**Aim of the task:**
Repeat the data that follows verbatim. Images are not part of the copy.

**Extracted material:**
■ ■ ■ ■

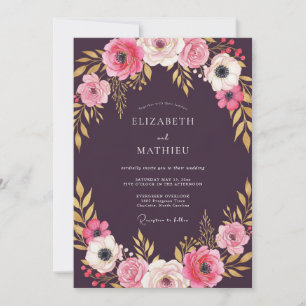 Convite Casamento Floral Botânico Opulento Ameixa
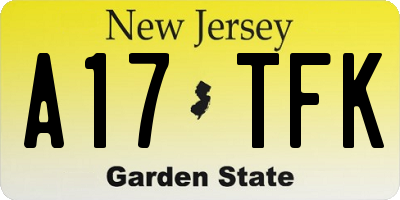 NJ license plate A17TFK
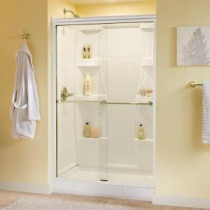 Crestfield 47-3/8 in. x 70 in. Semi-Framed Bypass Sliding Shower Door in White with Brass Hardware and Clear Glass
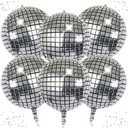 6-Pack 22 Inch Silver 4D Disco Ball Balloons - Decorations for 90s Dancing Queen Party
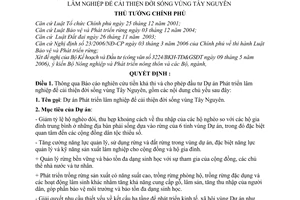 Quyết định 813/2006/QĐ-TTg Báo cáo nghiên cứu tiền khả thi Dự án Phát triển lâm nghiệp cải thiện đời sống vùng Tây Nguyên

■ ■ ■ ■

**Answer section:**
 Convite Casamento Floral Botânico Opulento Ameixa
 NJ license plate A17TFK
 Crestfield 47-3/8 in. x 70 in. Semi-Framed Bypass Sliding Shower Door in White with Brass Hardware and Clear Glass
 6-Pack 22 Inch Silver 4D Disco Ball Balloons - Decorations for 90s Dancing Queen Party
 Quyết định 813/2006/QĐ-TTg Báo cáo nghiên cứu tiền khả thi Dự án Phát triển lâm nghiệp cải thiện đời sống vùng Tây Nguyên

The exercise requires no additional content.